Day 17: The Last Trekking Day
Namche Bazaar (3440m) → Lukla (2860m)
Plus Days N+1 Through N+4: World's Most Dangerous Airport Madness, Back to Kathmandu (1400m), Kicking it in Kath, Aaaabs…, Olgapuri Children's Village, & Trek Wrap-Up
Our last night in Namche actually involved a few memorable activities not least going out on the town for pizza, rather than eating in the lodge as on every previous night of our lives. I suppose it didn't hurt that Namche actually had places to go. Also:
Come to notice it, I was almost certainly channeling Mark. That would have been his line if he'd been there.
This was followed by: SHOPPING MADNESS!!! I mentioned we picked up a couple of things on the trail.
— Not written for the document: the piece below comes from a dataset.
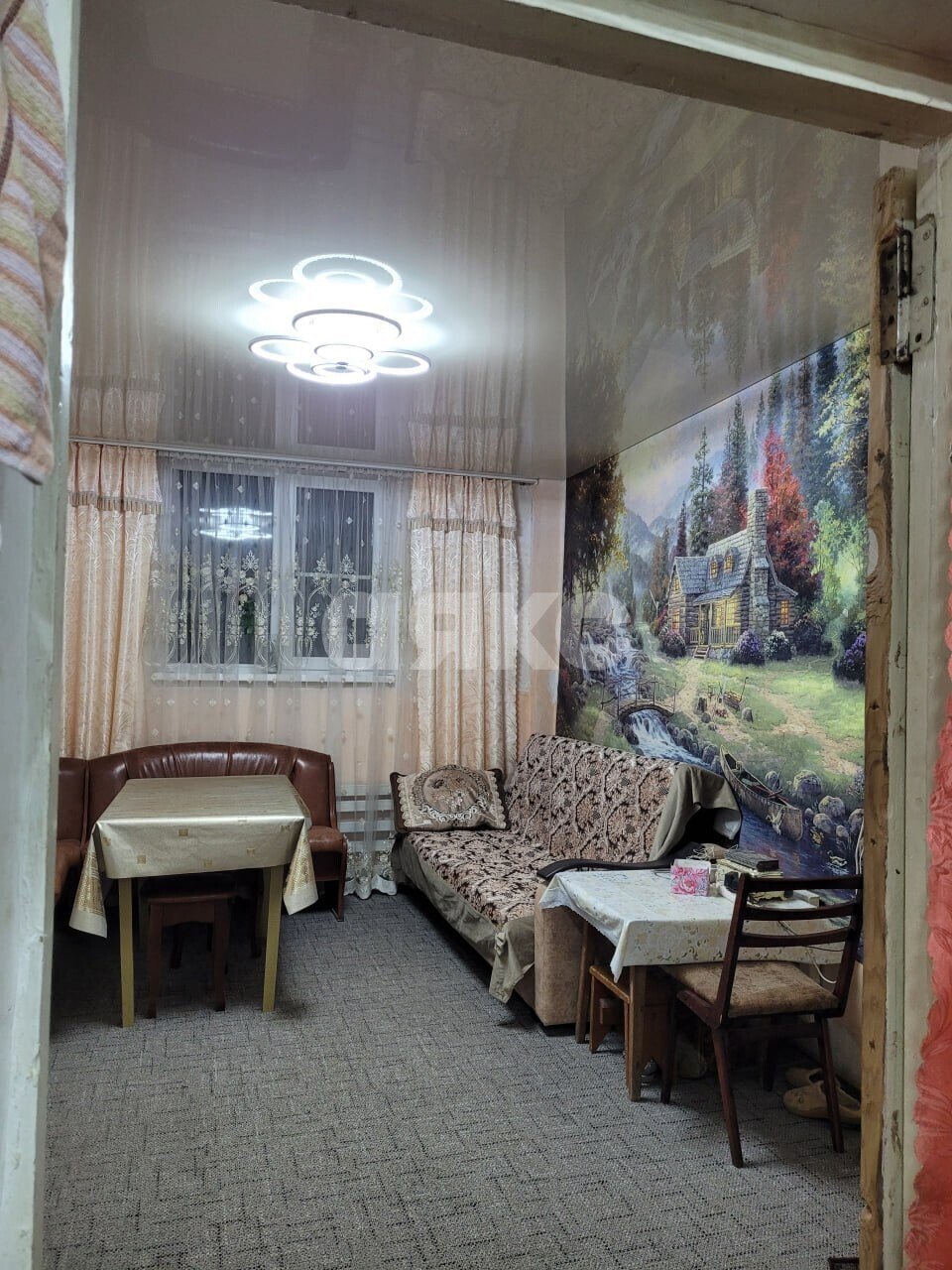 Фото №4: Дом 51&nbsp;м² + 20&nbsp;сот., 1&nbsp;эт. - Кочергин, ул. Северная, 70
But Namche Bazaar, as its name might indicate, was the true shopping Mecca. I wanted to do all my Christmas shopping here (48 hours after I'd bought half the bazaar, my sister Danielle declared a giftless Christmas…), rather than Kathmandu, where everything would be much less handmade, non-touristy, and authentic, and Darby has legions of people in her life, and they had just some amazingly nice stuff, and it we went at it with a fervor. I particularly remember being in one amazing shop where the proprietress had made half the goods herself, and battling with Darby over the most wonderful selection of hand-made yak-wool scarves. Because scarves. Everyone likes hand-made yak-wool Himalayan scarves. Particularly when they're that gorgeous.
We then retired to The Sherpa Barrista, where I got a milkless cafe mocha which was actually awesome. So awesome, I wanted a second, but was all out of rupees, having dumped my whole load shopping. In the end, the nice man behind the counter accepted a £5 note. Darby and I scoped out the big map of trekking routes on the wall, thinking We did most of that. We sat talking, trying to get our heads around the trip as well as the matters of fathers, and mortality… Perhaps endings are always ruminative. At least for me.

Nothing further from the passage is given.